Other co-authors of the study from Stanford are visiting pathology instructor dr. Catherine Hogan; postdoctoral students Dr. Javaria Najeeb and Dr. Ana Otrelo-Cardoso; nurse Hannah Wang, MD; scientific researcher, dr. Malaya Sahoo; ChunHong Huang, researcher-researcher; research scientist Fumiko Yamamoto; laboratory director Dr. Monali Manohar; senior scientist from clinical laboratories Justin Manalac; Tho Pham, Ph.D. Med., Clinical Assistant Professor of Pathology; medical colleague, dr. med. Arjun Rustagi; Angela Rogers, MD, Assistant Professor of Medicine; Dr. Nigam Shah, Professor of Medicine; Catherine Blish, Ph.D. Med., Associate Professor of Medicine; Dr. Jennifer Cochran, Chair and Professor of Bioengineering; Dr. Theodore Jardetzky, Professor of Structural Biology; James Zehnder, Ph.D. Med., Professor of Pathology and Medicine; Dr. Taia Wang, Assistant Professor of Medicine and Microbiology and Immunology; senior researcher dr. Balasubramanian Narasimhan; pathology instructor, dr. Saurabh Gombar; Dr. Robert Tibshirani, Professor of Biomedical Sciences Data and Statistics; and Kari Nadeau, Ph.D. med., professor of medicine and pediatrics.

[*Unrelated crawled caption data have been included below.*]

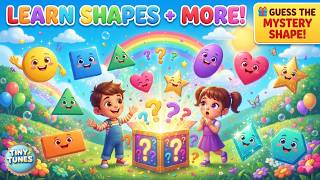 Learn Shapes + More! 🔵⭐ Shapes Song & Guess the Mystery Shape Box | Tiny Tunes Nursery Rhymes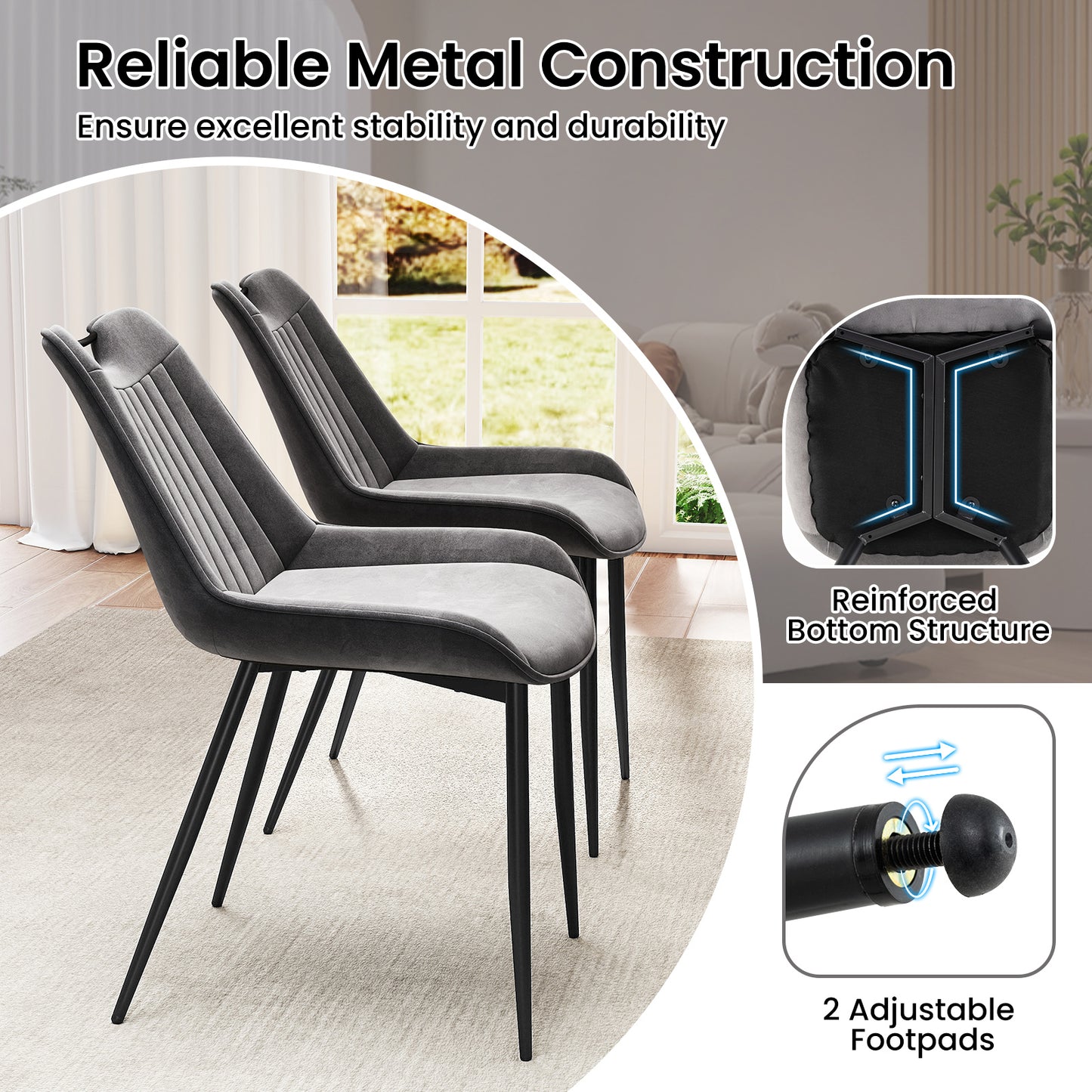 Upholstered Dining Chairs Set of 4 with Metal Legs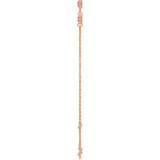 14K Rose Gold Natural Pink Tourmaline Bezel-Set Three-Stone 6 1/2-7 1/2" Bracelet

The study was supported by the National Institutes of Health (grants RO1AI127877, RO1AI130398, 1U54CA260517, T32AI007502-23, U19AI111825 and UL1TR003142), the Crown Family Foundation, the Stanford Institute for Maternal and Child Health Research, Switzerland and the CID 19 National Research Council. .
Boyd, Röltgen, Kim, and Powell have filed interim patent applications regarding serological tests for SARS-CoV-2 antibodies.